— RECORDS FOR PROCESSING —
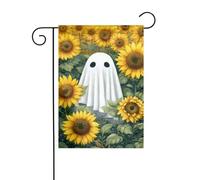 Simpatico fantasma in mezzo ai girasoli bandiera da giardino 30 x 45 cm verticale su entrambi i lati casa colonica vacanze decorazioni esterne bandiera cortile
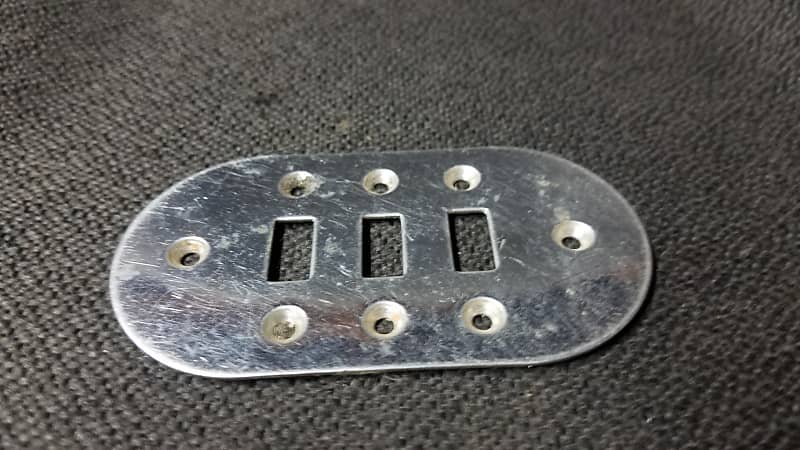 Teisco? 3 Switch Switch Mounting Plate 1960s Chrome | Reverb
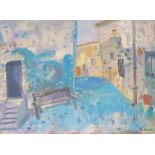 •GLENN SCOULLER RSW, RGI (SCOTTISH B. 1950) MEETING PLACE, LA GAUDE Oil on canvas, signed, 56 x 76cm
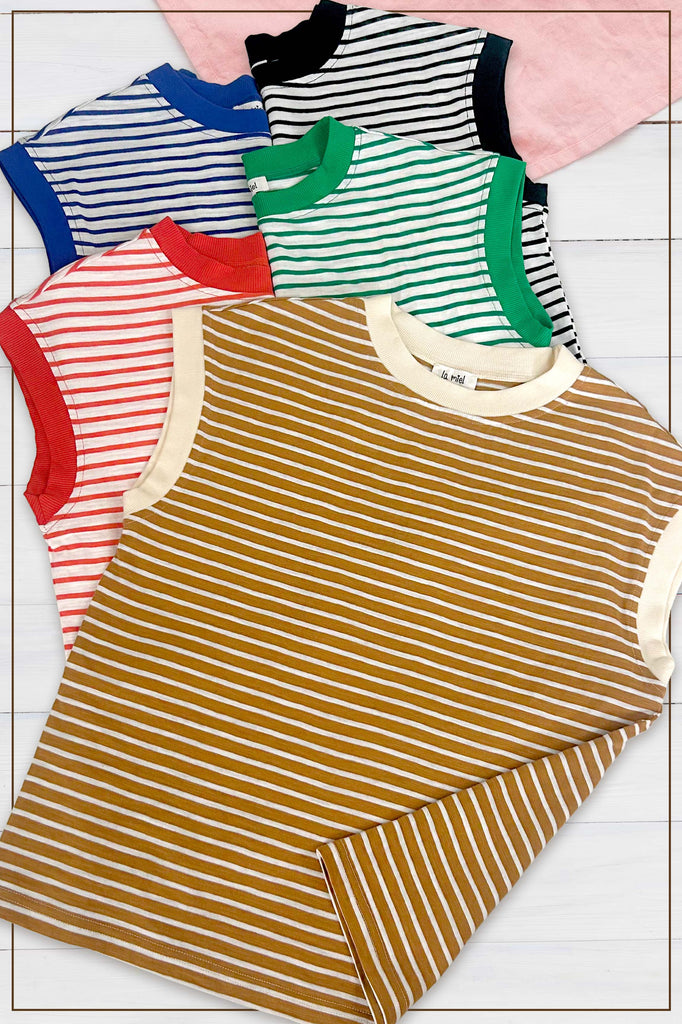 La Miel - JDT7710-Nautical Cap Sleeve Striped Top: Goji Berry / M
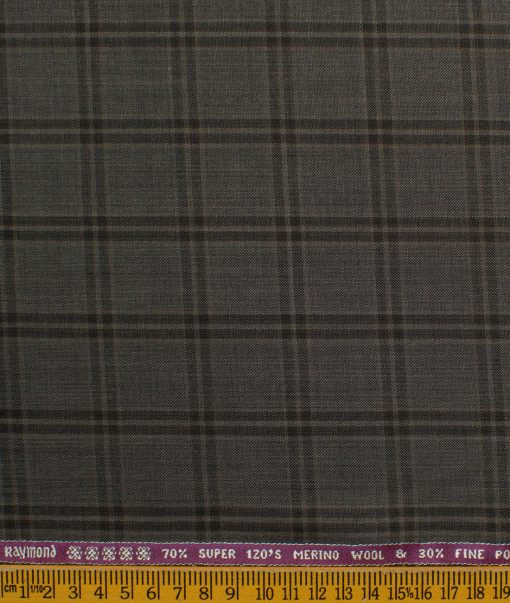 Raymond Men's Wool Checks Super 120's  Unstitched Suiting Fabric (Brown) - Image 4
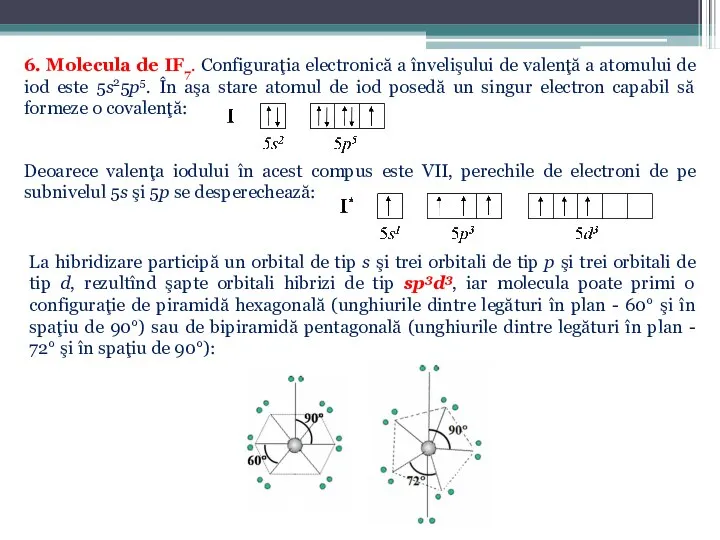 6. Molecula de IF7. Configuraţia electronică a învelişului de valenţă a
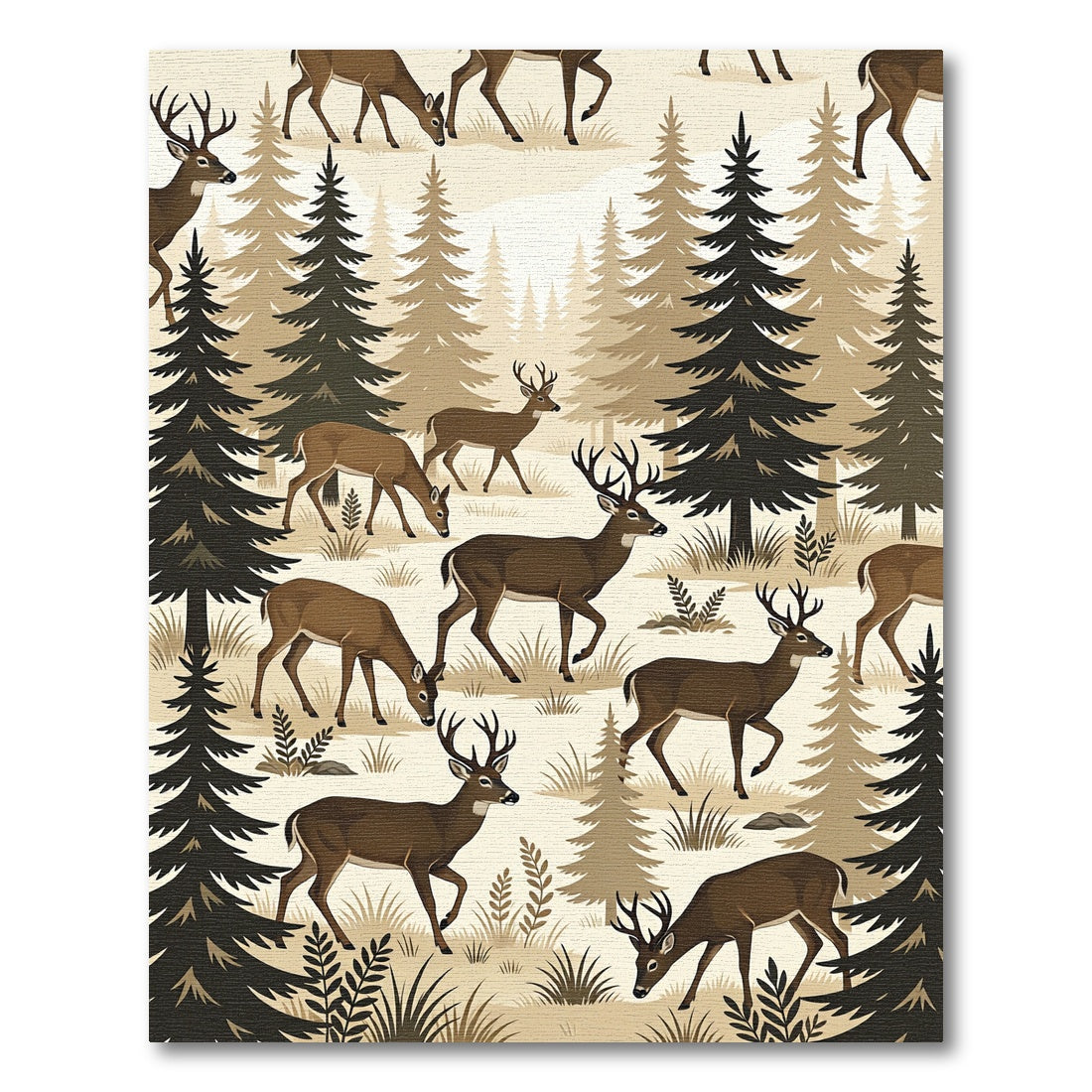 Earthy Forest Deer Woodland Scene Rug
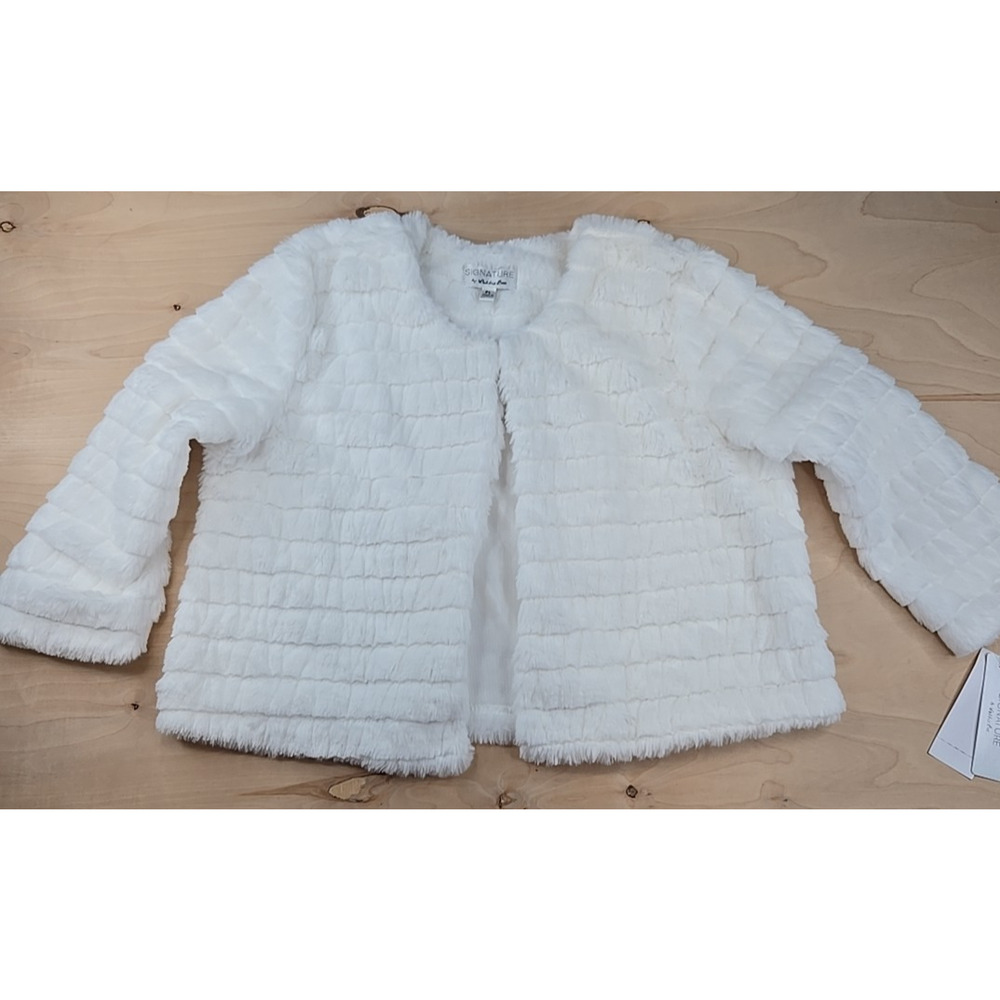 Signature By Robbie Bee Women’s White Faux Fur Shrug Bolero Short Jacket Size PL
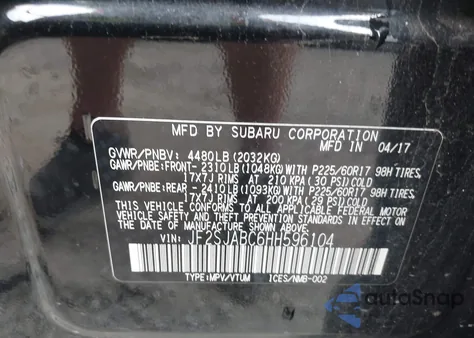 2017 Subaru Forester 2.5I z USA, uszkodzony, nr VIN JF2SJABC6HH596104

— PROBLEM TO SOLVE —
Without the pictures, please reproduce each line of the listing above exactly, from the first one through the line bearing "Teisco? 3 Switch".

— TASK OUTPUT —
 Simpatico fantasma in mezzo ai girasoli bandiera da giardino 30 x 45 cm verticale su entrambi i lati casa colonica vacanze decorazioni esterne bandiera cortile
 Teisco? 3 Switch Switch Mounting Plate 1960s Chrome | Reverb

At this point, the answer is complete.